Patterns in data
Historically, much of the process of science has involved identifying patterns in data, which then provide insights into the construction of models and theories. Brahe collects detailed astronomical data about the motion of planets; Kepler analyzes those data to reveal that the planets revolve around the sun in elliptical orbits; Newton uses Kepler's findings to produce a synthesis of gravity and mechanics that explains how these elliptical orbits arise mechanistically.
Once patterns in data are identified, they can be used for other purposes. One interested in detecting fraud in bank transactions, for example, might be able to develop a statistical model of anomalies that can be flagged for further investigation. Identification of bird species by processing audio recordings of their songs might work by characterizing a "fingerprint" unique to each species, and then trying to match recordings of unknown birds to known fingerprints. Much of the field of signal processing, as well as earlier work in machine learning, focused on this sort of feature identification or feature engineering: doing the hard work of scientific experimentation and data modeling to be able to identify data features that are important for characterizing some process of interest.

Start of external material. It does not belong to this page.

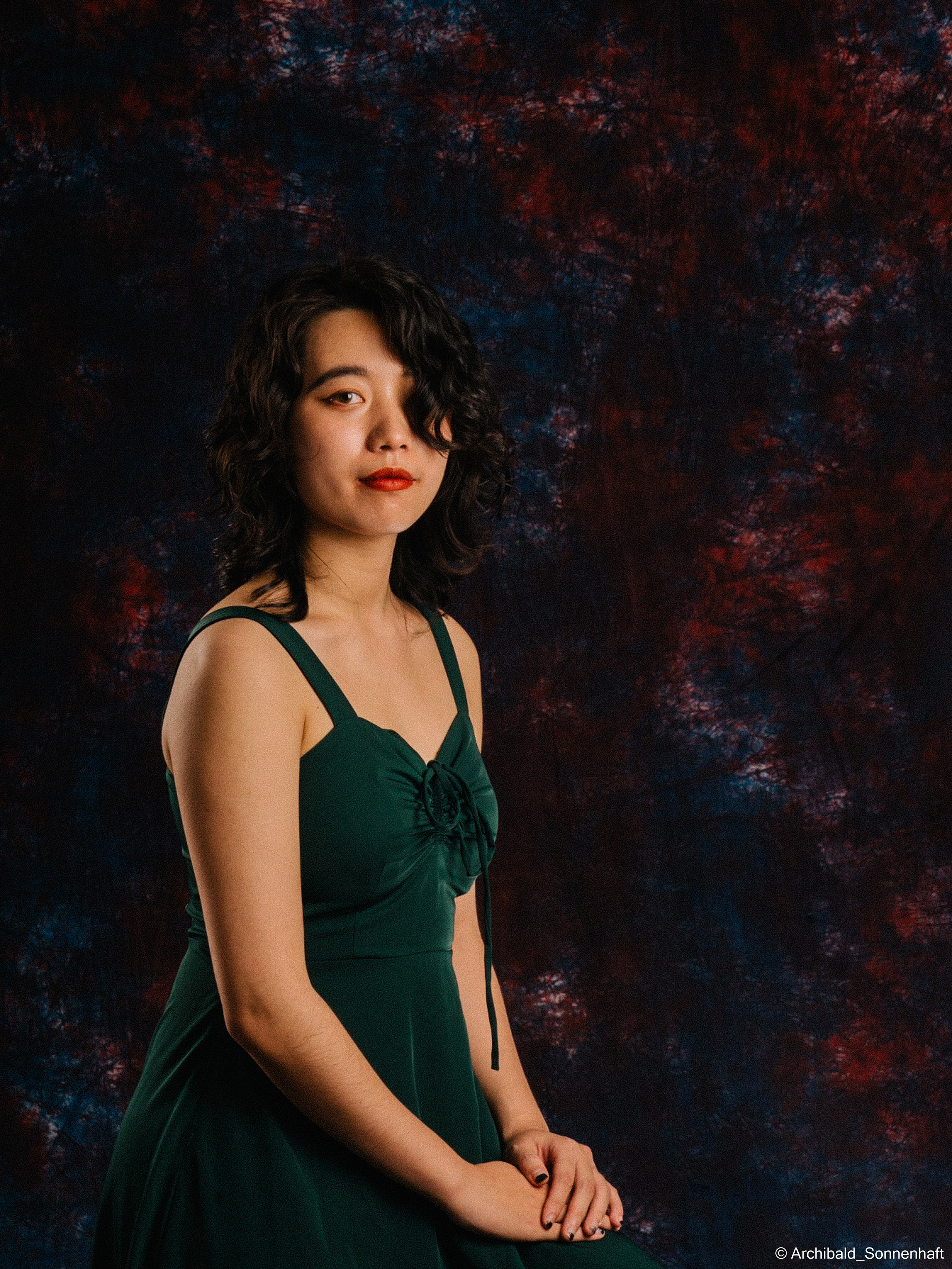 谭璐珩 (Tan Lu Heng), 2021-11. Photographer in Guangzhou, China. Archibald Sonnenhaft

In our current era of big data, computational methods are becoming indispensable to finding such patterns. And the move towards deep learning has in many ways altered the processes by which we work with data. As noted previously, researchers are increasingly able to offload computation to deep learning tools to learn about important features in data, rather than requiring us to first identify those features and encode them specifically in a pipeline for data characterization.

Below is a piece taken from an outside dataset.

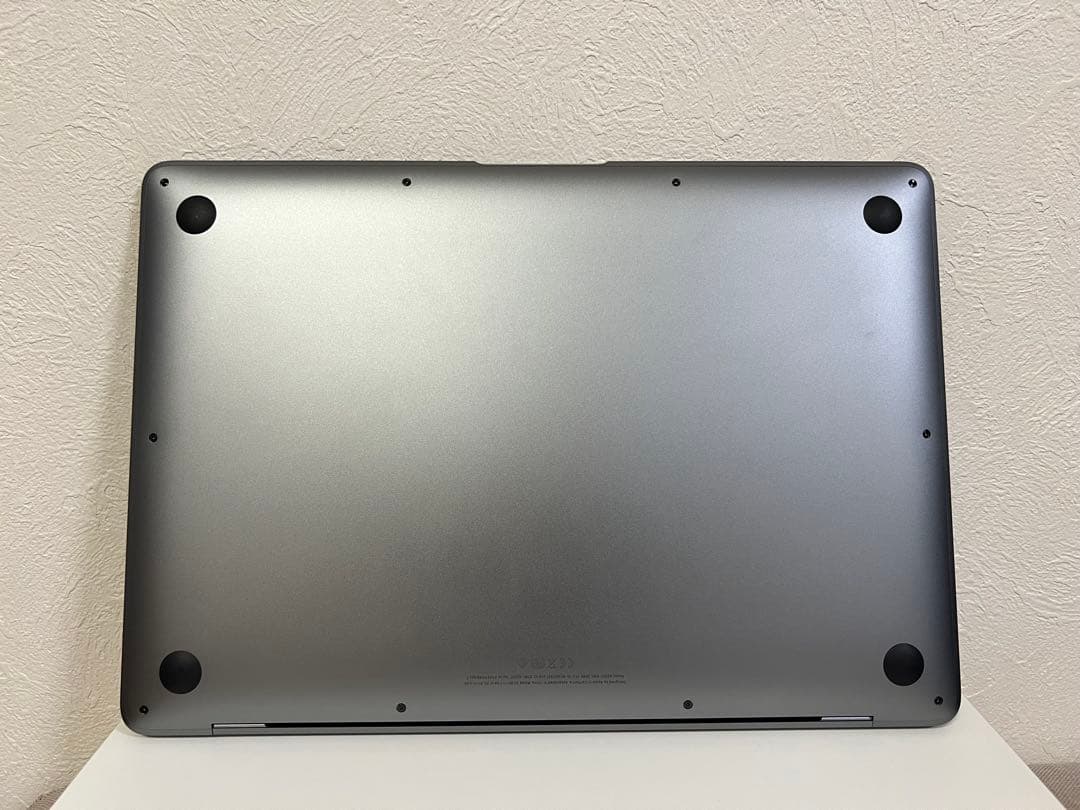 【美品】MacBook Air M1 16GB ,1TBスペースグレイ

In supervised learning problems, such as image identification, work has been done to identify how successive layers of deep neural networks are able to progressively learn about recurring patterns in data, and then combine them into more complex representations.

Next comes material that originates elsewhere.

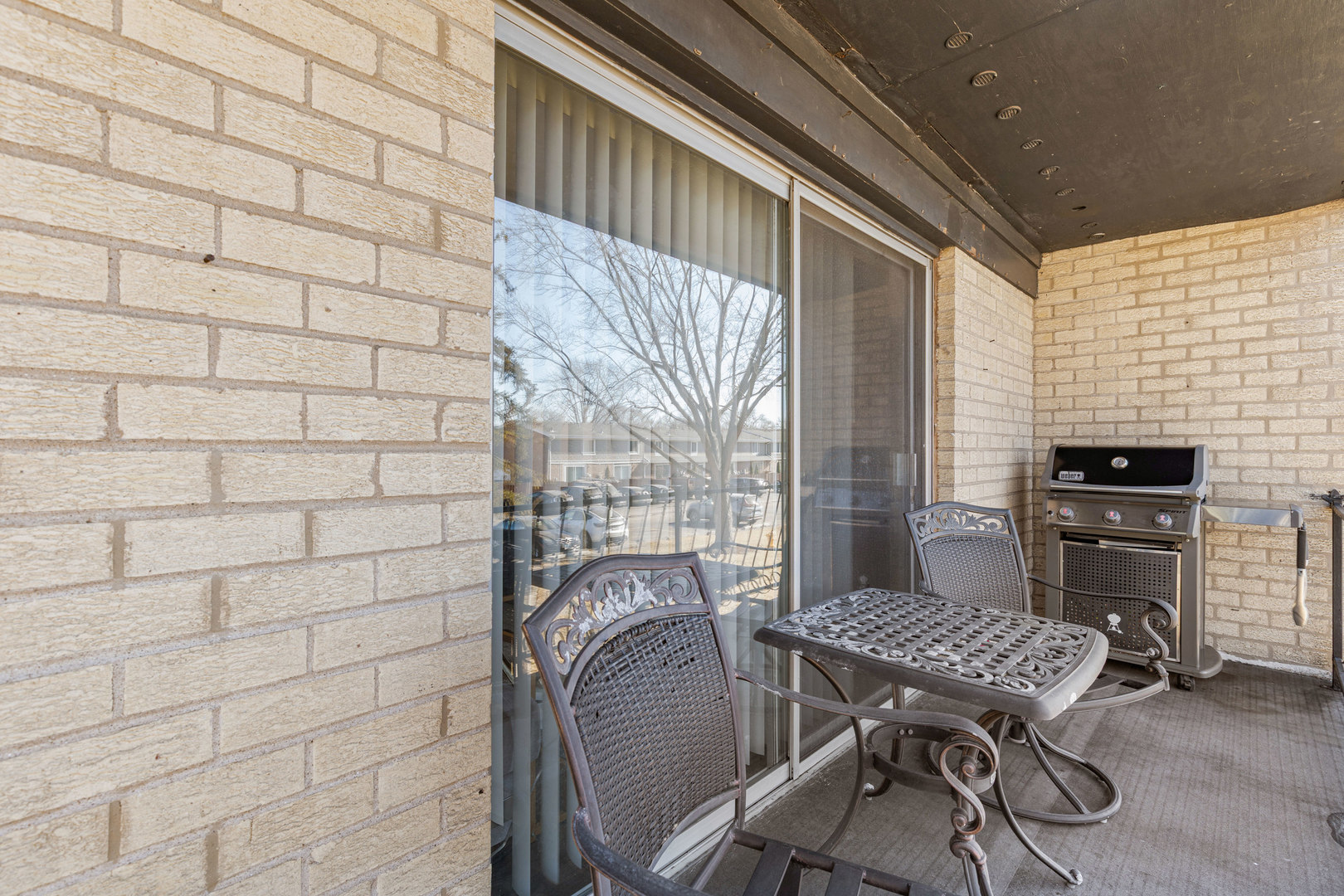 11116 S 84 Avenue #2B, Palos Hills, IL 60465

In unsupervised machine learning, deep learning methods can play an important role in helping us to distill large, high-dimensional datasets down to simpler representations. Big data are sometimes not as big as they seem, in that even though data might be embedded in a large number of dimensions due to the large number of data features captured, they often lie on some lower-dimensional subspace or manifold due to correlations or other sorts of relationships among those features. Methods for developing low-dimensional representations of data, such as varational autoencoders that project data down to a latent space, can be effective in such distillations. Such methods are complemented by approaches that systematize the characterization of low-dimensional structure in models and theories built from data.